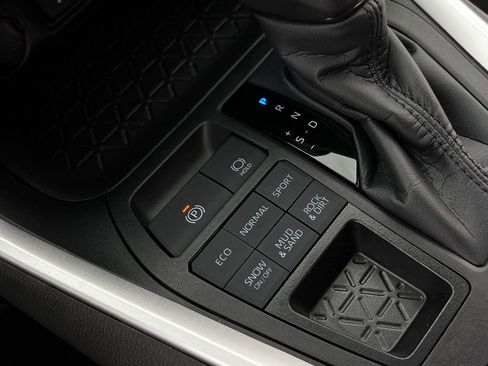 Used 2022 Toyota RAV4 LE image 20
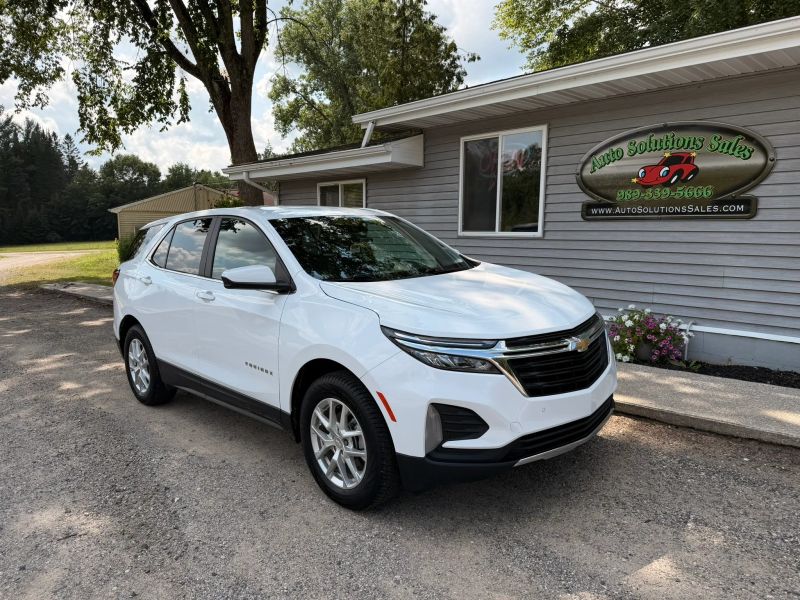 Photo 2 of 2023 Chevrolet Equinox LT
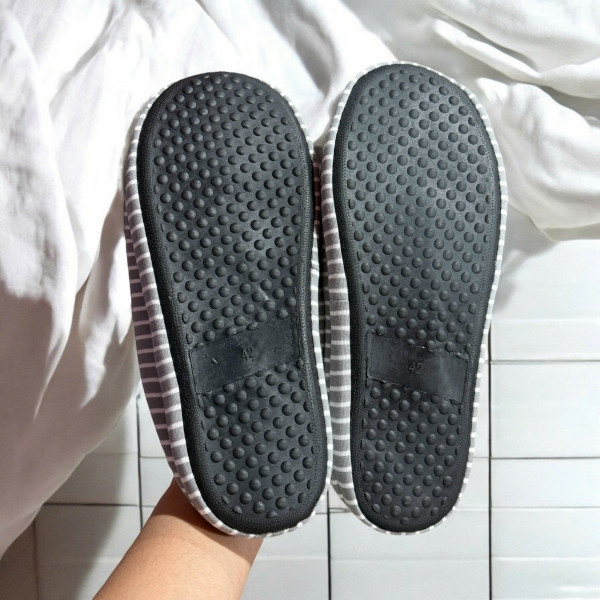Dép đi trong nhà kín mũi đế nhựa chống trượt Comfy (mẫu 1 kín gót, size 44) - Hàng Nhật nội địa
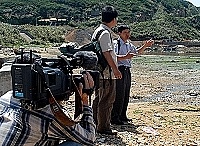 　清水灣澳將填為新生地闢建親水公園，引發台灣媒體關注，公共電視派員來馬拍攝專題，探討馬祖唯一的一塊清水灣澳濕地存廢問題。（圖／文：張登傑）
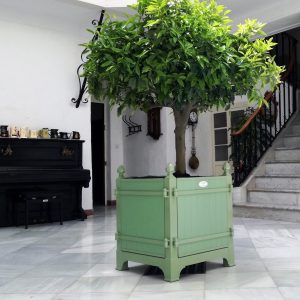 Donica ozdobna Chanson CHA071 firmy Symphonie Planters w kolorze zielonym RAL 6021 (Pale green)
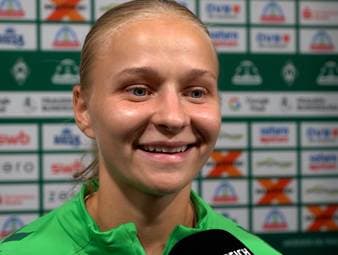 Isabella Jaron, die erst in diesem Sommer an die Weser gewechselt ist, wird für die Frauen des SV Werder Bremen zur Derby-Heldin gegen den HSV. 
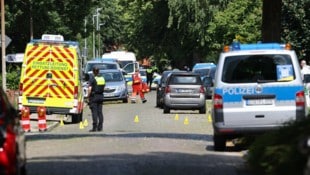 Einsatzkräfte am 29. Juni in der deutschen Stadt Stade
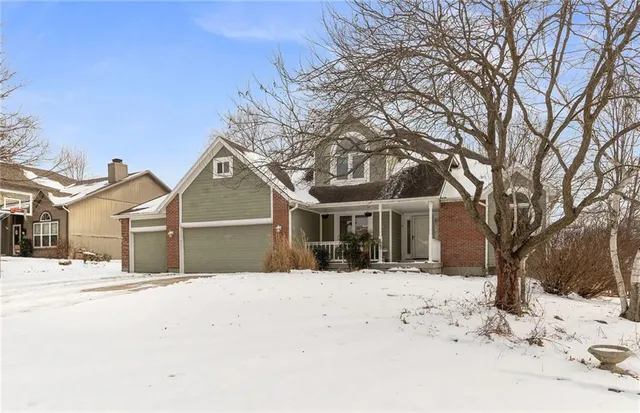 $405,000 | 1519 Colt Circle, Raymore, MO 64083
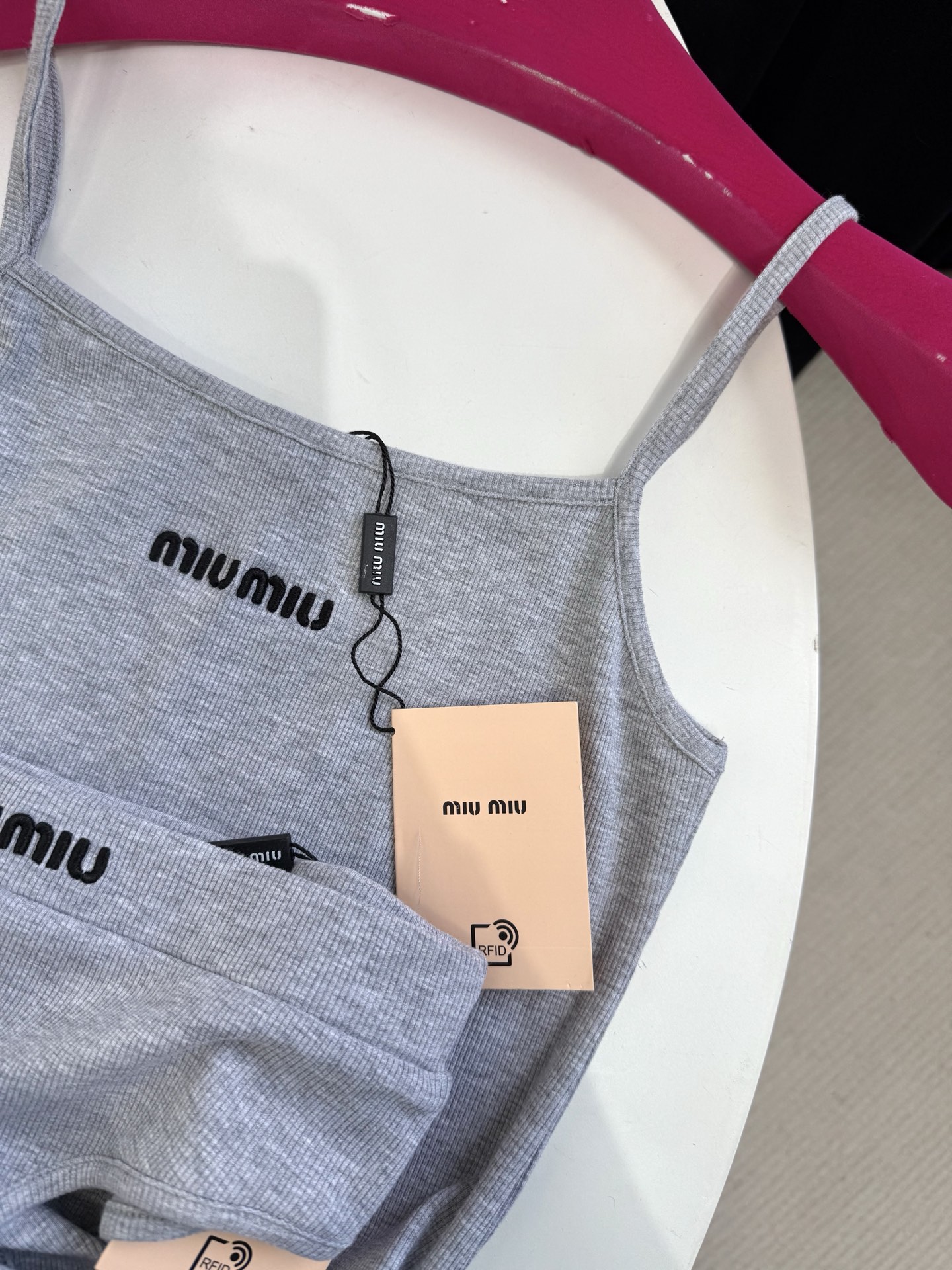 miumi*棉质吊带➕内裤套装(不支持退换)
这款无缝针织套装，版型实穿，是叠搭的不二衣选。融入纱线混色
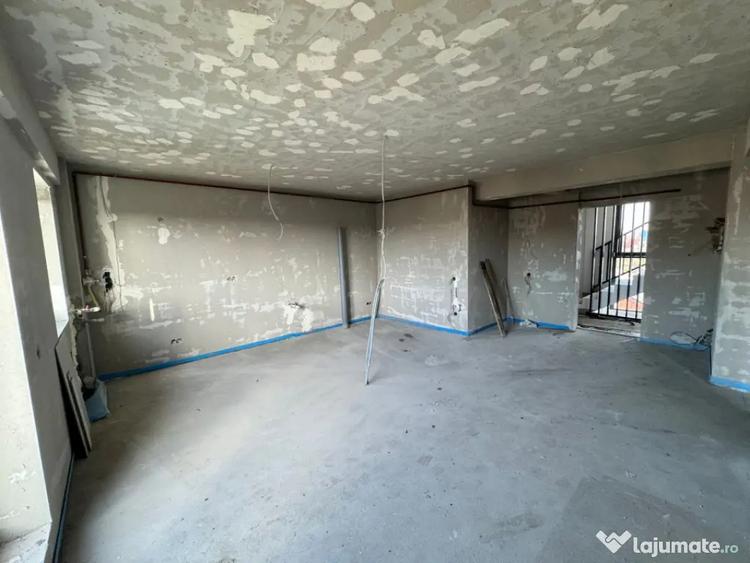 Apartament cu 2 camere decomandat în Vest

● **TASK INSTRUCTIONS**
With the pictures omitted, print precisely the lines from the one with "Isabella Jaron, die" to the final line of the records, both included.

● **WRITTEN ANSWER**
 Isabella Jaron, die erst in diesem Sommer an die Weser gewechselt ist, wird für die Frauen des SV Werder Bremen zur Derby-Heldin gegen den HSV. 
 Einsatzkräfte am 29. Juni in der deutschen Stadt Stade
 $405,000 | 1519 Colt Circle, Raymore, MO 64083
 miumi*棉质吊带➕内裤套装(不支持退换)
这款无缝针织套装，版型实穿，是叠搭的不二衣选。融入纱线混色
 Apartament cu 2 camere decomandat în Vest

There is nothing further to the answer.